Below are records with pictures. Transcribe exactly, and only, the lines from the line with "Vintage Resin Ashtray Statues Pair" to the line with "VAVA Eyewear geometric-frame", both ends included, but not the pictures.

| Material provided |

_____

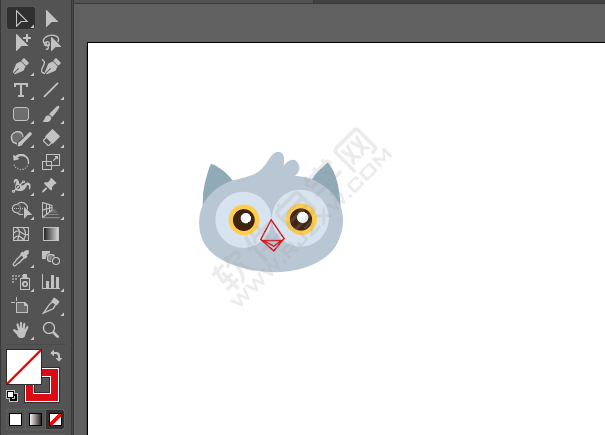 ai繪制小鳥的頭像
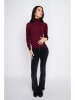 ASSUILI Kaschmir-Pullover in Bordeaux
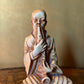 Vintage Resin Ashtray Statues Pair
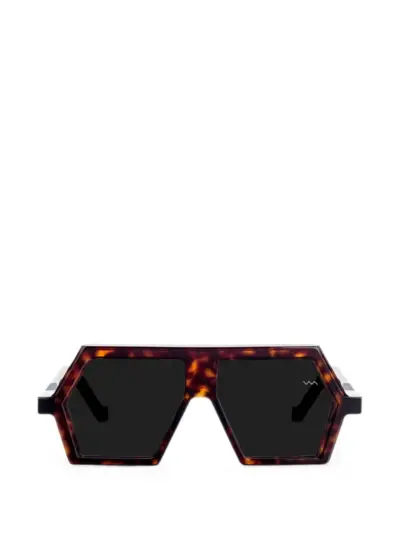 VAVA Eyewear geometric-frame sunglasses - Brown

_____

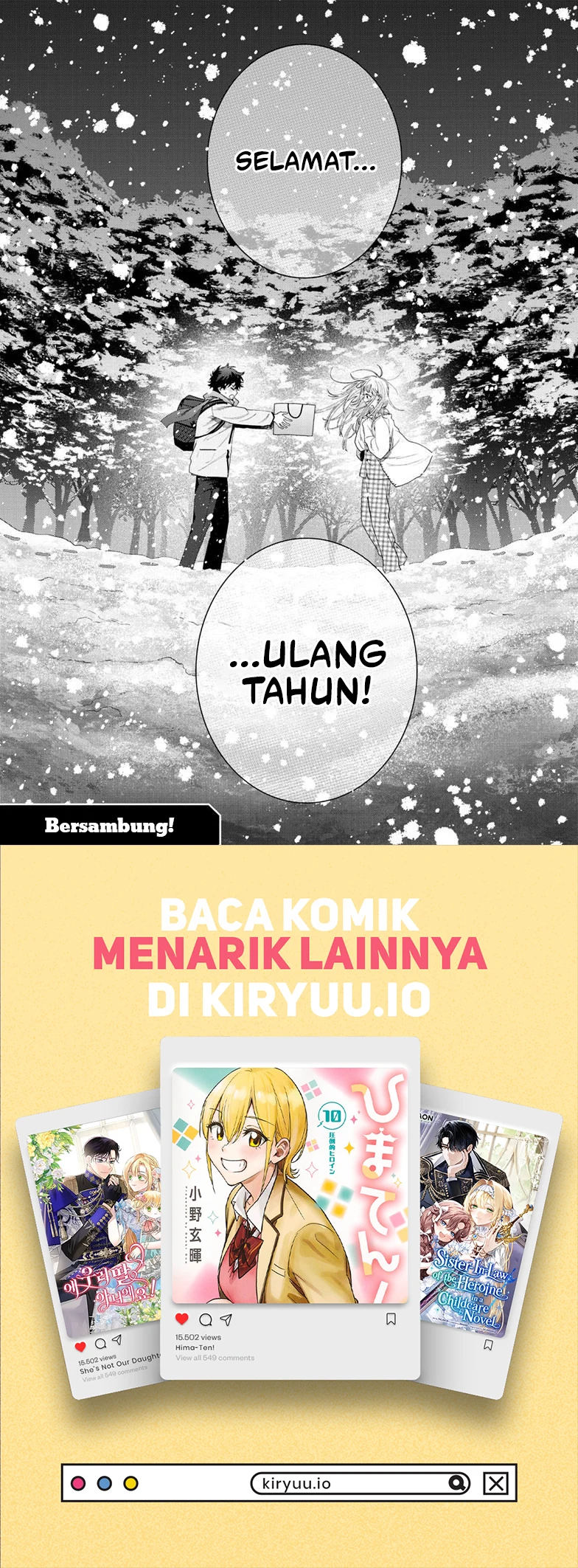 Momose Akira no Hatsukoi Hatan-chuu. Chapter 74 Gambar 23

_____

| Answer |
 Vintage Resin Ashtray Statues Pair
 VAVA Eyewear geometric-frame sunglasses - Brown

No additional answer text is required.